A Conversation about Black Fatherhood

Fatherhood is one of the most important life journeys a man can take. It is challenging, rewarding, and thankless. But countless proud parents, including many fathers, would say it’s worth seeing their baby grow from childhood to adulthood successfully. Black fatherhood is often surrounded by misinformation and stereotypes. These racist and troubling stereotypes about black men and fatherhood can easily be dismissed by data and research. 

We can not equate the number of unmarried dads to the number of “fatherless” children. First of all, marriage rates don’t necessarily reflect the number of Black fathers living with their children; as writer Josh Levs points out, the majority of Black dads (2.5 million of around 4.2 million) do live with their kids, even if they’re not married to their partner.”

The report also reveals that, among dads who don’t live with their children, Black dads are more likely to be involved in care, including reading to their children, helping them with homework, talking to them about their days, and taking them to activities, than Hispanic or white dads who live apart from their kids.

While I am not a father, I am a son, nephew, brother, and uncle. But I’m still not a father. Who knows what the future will hold for me when it comes to fatherhood? But I do know a few fathers, and I want to get some insight about being a dad. Today, I’m interviewing my friend, professor, fellow Evolving Man Project contributor, and new father, Dr. Michael Thomas. 

So Mike, what is the hardest thing, in your opinion, about being a father? 

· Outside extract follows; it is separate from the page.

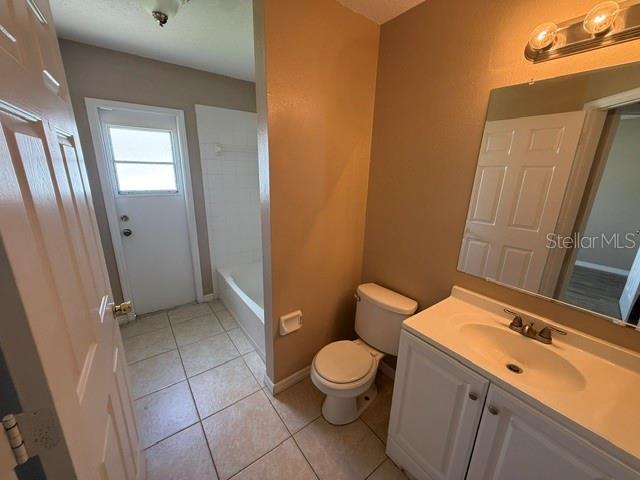 74 Altera Ct Property Photo 11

This may be a philosopher thing, but it’s learning to take on that role for me. There’s levels to it. 

On the practical side, it’s the 24-7 of it. From the beginning, a new chunk of your life is caring for someone who can’t tell you their needs. So you’re learning to read them and adjusting your life to ensure they’re happy, healthy, and comfortable. I still have my job and time, but that gets adjusted around naps, backing up my wife when she needs it, and keeping all the admin stuff in order. It’s a whole other job. I’m someone who likes “my time” so it’s a lot to take on. 

Then there’s what it means for you to be a father. My early joke was that I love kids, but I hate parents because I would meet many folks who shifted their whole life to observing and talking about their kids. It makes sense cause it’s stressful, and you spend so much time just trying to get through those first few months and years. Plus, especially for younger parents, there’s all this social pressure and marketing about everything being the best, but I don’t play that. It’s just capitalist and, in some cases, eugenicist ideology at work. I spend a lot of time resisting that because you can see how it starts to frame people’s experiences and project them onto the child. 

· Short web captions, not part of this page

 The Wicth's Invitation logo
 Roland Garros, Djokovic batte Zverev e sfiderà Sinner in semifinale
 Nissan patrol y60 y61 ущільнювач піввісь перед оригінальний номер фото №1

Where I get worried is how my actions and guidance will help give them what they need to develop well and handle what’s coming in life. My kid is a sponge, and I see how much they mirror your actions and behaviors. If you’re physical, they get physical. If you’re loud, they can take that on. So there’s an extra layer of self-scrutiny there that you have to watch, which is sometimes good. But it can be scary when you see them acting out parts of yourself that you don’t like either. 

What’s the greatest joy you find in being a father? 

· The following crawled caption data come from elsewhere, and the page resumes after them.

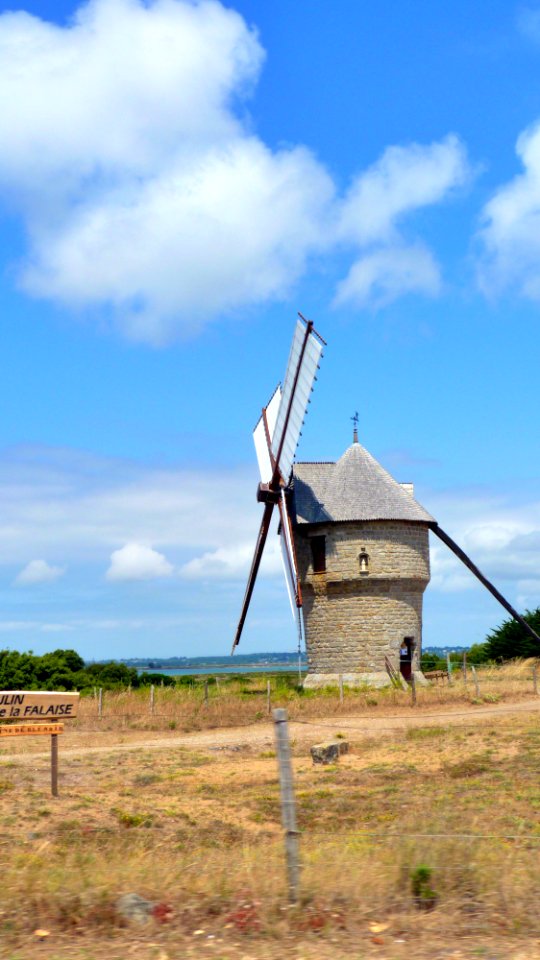 Guérande (13)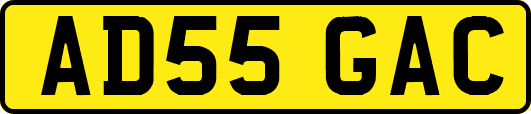 AD55GAC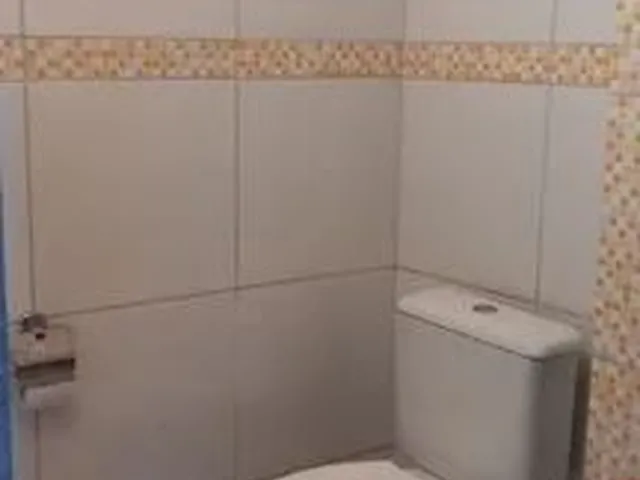 Imagem 10: Casa para Alugar em Lagoa Nova 3 Suítes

So, my first answer to this question had me dancing around it, because I don’t know if I feel “joy,” and I know how people feel about that. At least in conversations I had, parents talk about this new sense of joy they feel with their child, and for me, it’s been more of a struggle. I always say this, but the big part is that I didn’t want to be a father. And I will still repeat it because I think more people need to say it. If you’re a relatively stable person or someone people like, they’re happy to get you into parenting. But I don’t think it’s for everyone. And I think more people should feel comfortable opting out. 

What that means is that I came into being a parent aware of all its negative aspects: fatigue, lost time, less autonomy, etc. When I would experience them, it  was extra frustrating because I could say, “I knew it was going to be like this.” I’m better with that part now, but it took some time. I would say that when I felt joy at that stage, it was more about how much joy it brought everyone around me, and I felt some joy in that. Having moved around a lot, I think I’d lost a sense of family that you get from being nearby, and Aimé has helped reanimate that. 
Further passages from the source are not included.